- [DATA TO PROCESS]
────

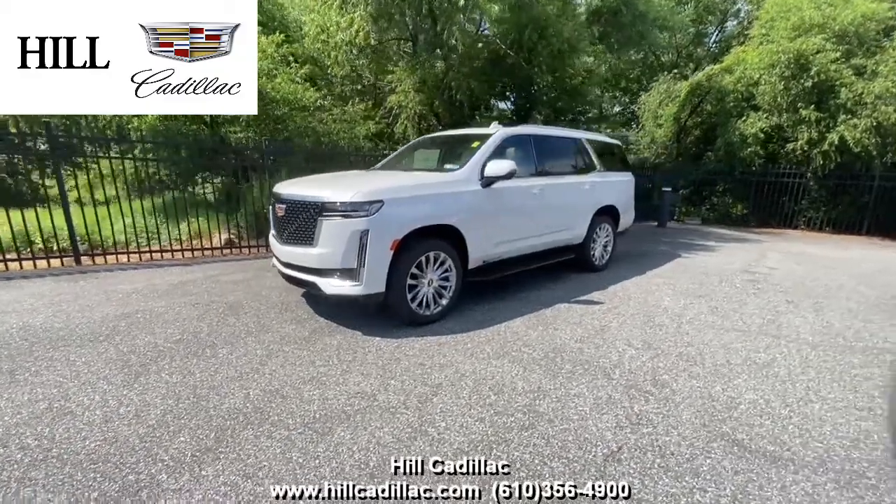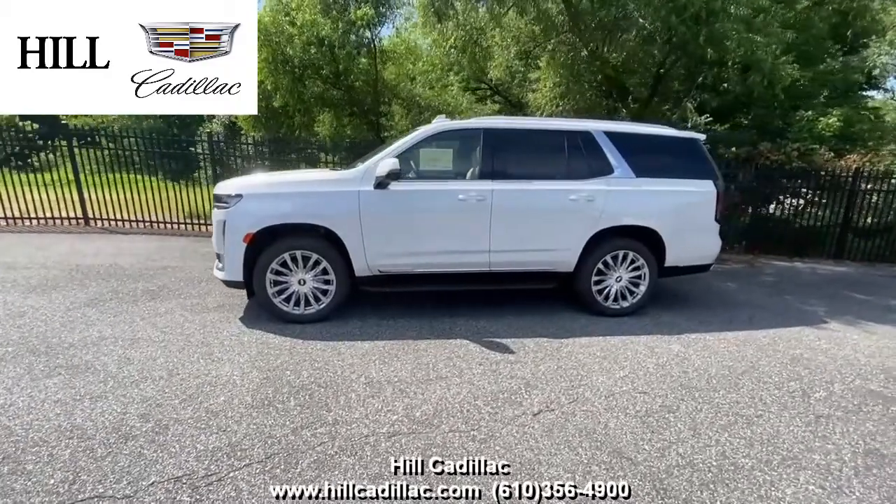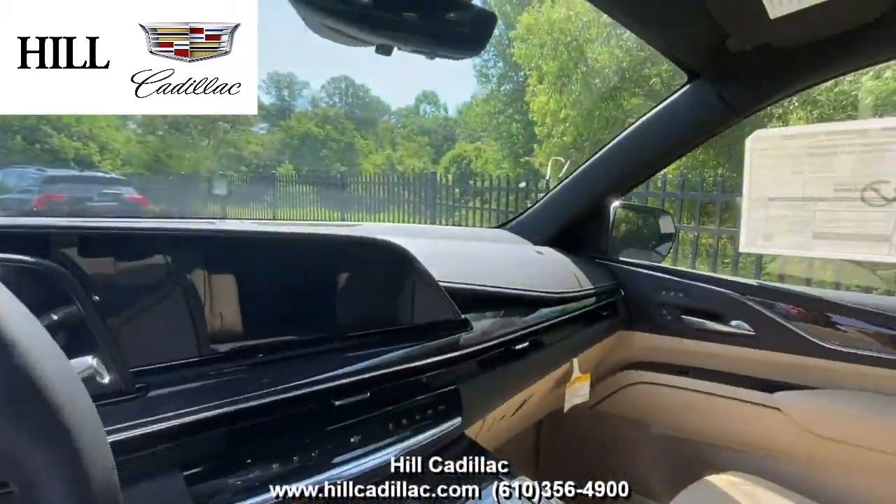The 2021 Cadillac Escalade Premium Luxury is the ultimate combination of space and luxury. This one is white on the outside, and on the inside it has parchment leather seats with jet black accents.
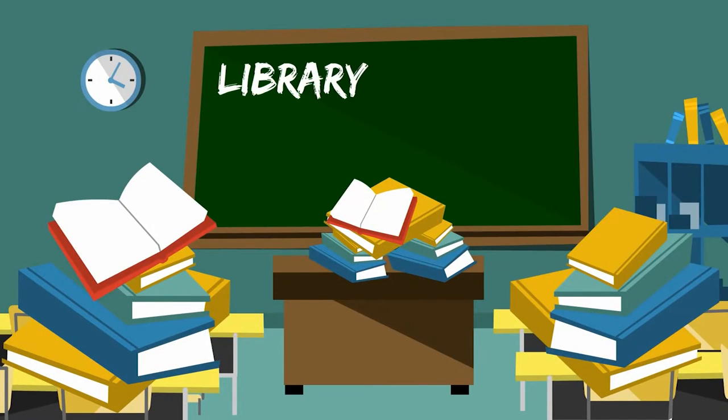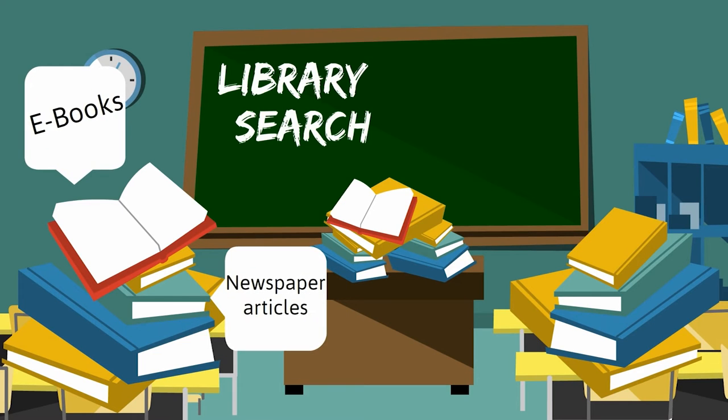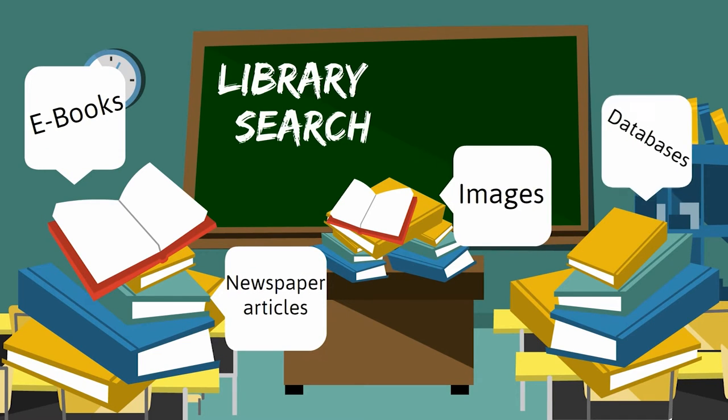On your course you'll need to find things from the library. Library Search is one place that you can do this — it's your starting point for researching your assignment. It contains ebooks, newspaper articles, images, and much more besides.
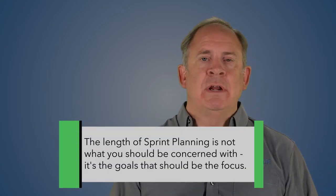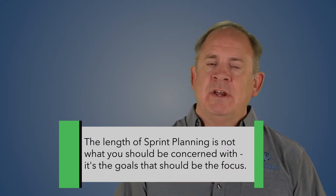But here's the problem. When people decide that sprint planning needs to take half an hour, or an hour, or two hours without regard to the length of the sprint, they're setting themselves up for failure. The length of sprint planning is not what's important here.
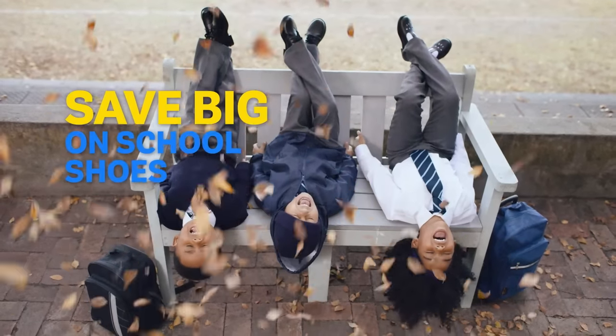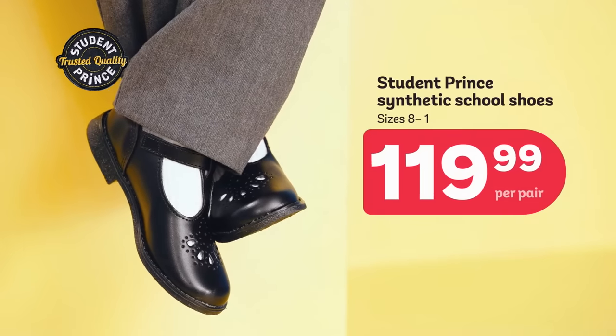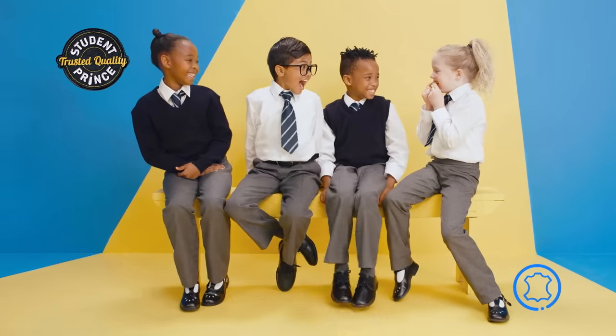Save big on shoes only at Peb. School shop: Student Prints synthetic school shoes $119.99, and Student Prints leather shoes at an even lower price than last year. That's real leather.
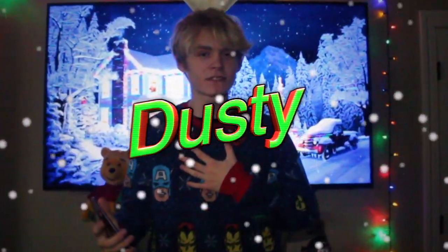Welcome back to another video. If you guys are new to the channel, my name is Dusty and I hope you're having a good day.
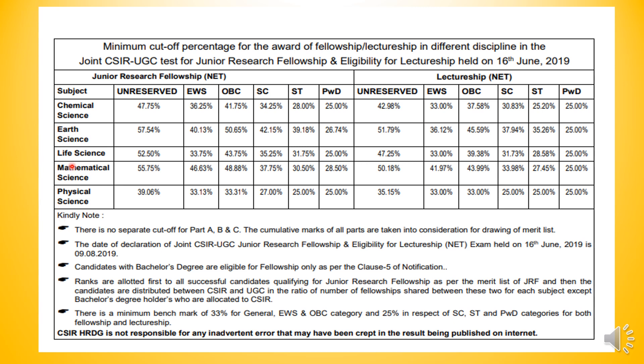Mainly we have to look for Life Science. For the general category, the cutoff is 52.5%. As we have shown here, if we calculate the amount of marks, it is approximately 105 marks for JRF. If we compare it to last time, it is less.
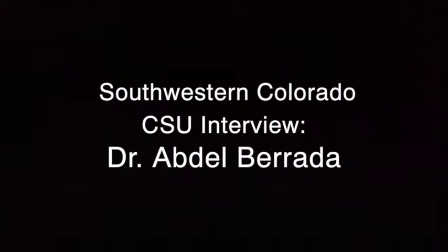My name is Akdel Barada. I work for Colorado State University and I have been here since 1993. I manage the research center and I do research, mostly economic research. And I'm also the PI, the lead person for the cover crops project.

────

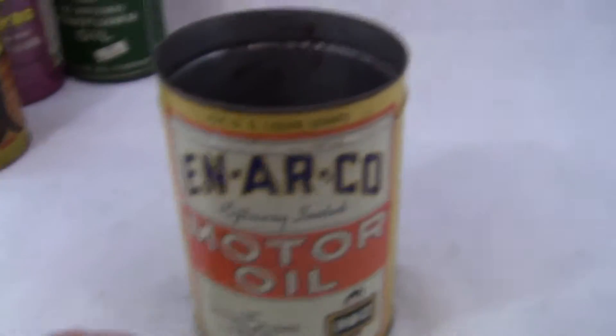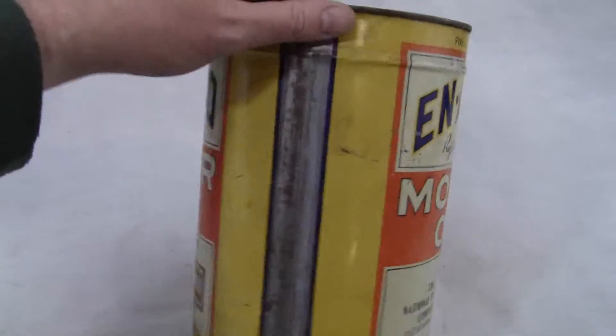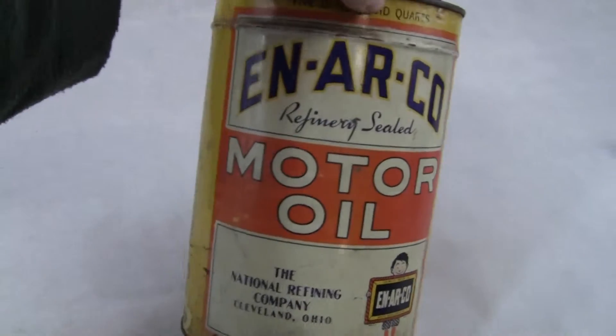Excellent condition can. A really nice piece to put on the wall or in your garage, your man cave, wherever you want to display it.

────

- [WORK TO COMPLETE]
Could you write out exactly the lines of the data above that run from the one holding "The 2021 Cadillac" to the one holding "My name is Akdel", with both ends in and all pictures out?

- [REPLY TO THE EXERCISE]
The 2021 Cadillac Escalade Premium Luxury is the ultimate combination of space and luxury. This one is white on the outside, and on the inside it has parchment leather seats with jet black accents.
On your course you'll need to find things from the library. Library Search is one place that you can do this — it's your starting point for researching your assignment. It contains ebooks, newspaper articles, images, and much more besides.
But here's the problem. When people decide that sprint planning needs to take half an hour, or an hour, or two hours without regard to the length of the sprint, they're setting themselves up for failure. The length of sprint planning is not what's important here.
Save big on shoes only at Peb. School shop: Student Prints synthetic school shoes $119.99, and Student Prints leather shoes at an even lower price than last year. That's real leather.
Welcome back to another video. If you guys are new to the channel, my name is Dusty and I hope you're having a good day.
Mainly we have to look for Life Science. For the general category, the cutoff is 52.5%. As we have shown here, if we calculate the amount of marks, it is approximately 105 marks for JRF. If we compare it to last time, it is less.
My name is Akdel Barada. I work for Colorado State University and I have been here since 1993. I manage the research center and I do research, mostly economic research. And I'm also the PI, the lead person for the cover crops project.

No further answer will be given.